- [Exercise details]:
When you reach the line that contains "Subway Employee Bringing", begin copying exactly, and continue through the last line of the data; no pictures belong in the copy.

- [Source material]:
-------------------------
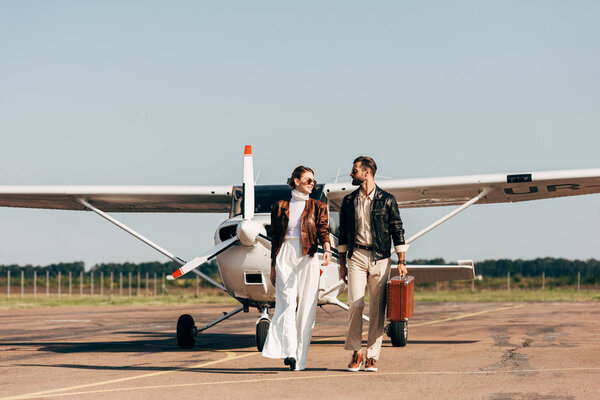 stylish young couple in leather jackets and sunglasses walking with retro suitcase near airplane 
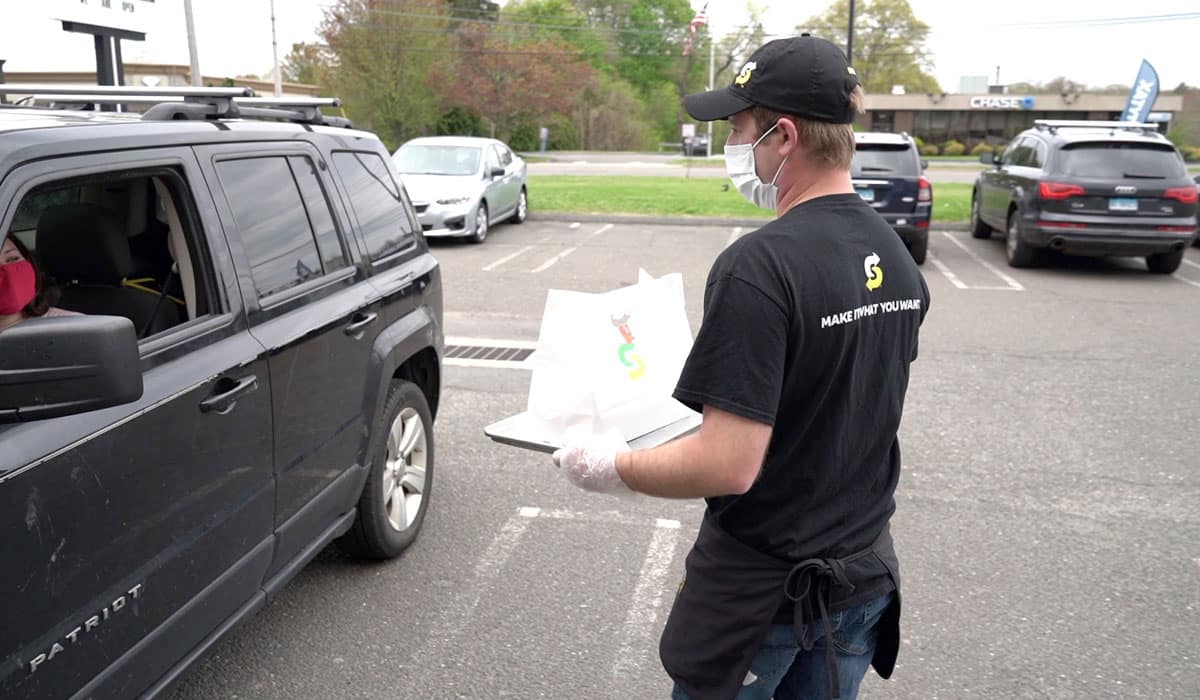 Subway Employee Bringing Curbside Order Over To Car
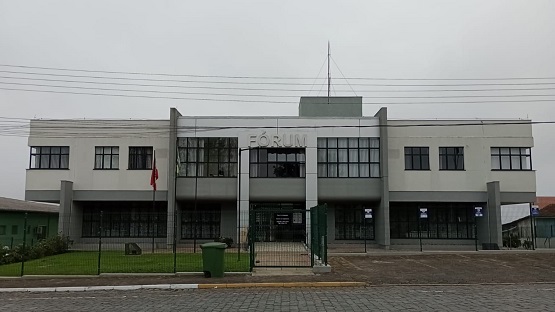 Faixada do Fórum de Itaiópolis, com gramado e bandeiras em frente ao prédio. 
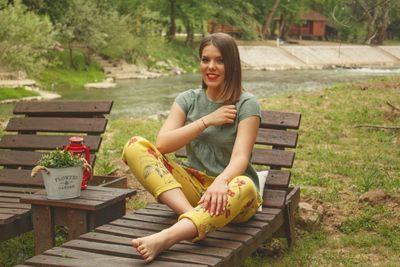 Portrait of young woman sitting on bench in park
-------------------------
- [Answer below]:
 Subway Employee Bringing Curbside Order Over To Car
 Faixada do Fórum de Itaiópolis, com gramado e bandeiras em frente ao prédio. 
 Portrait of young woman sitting on bench in park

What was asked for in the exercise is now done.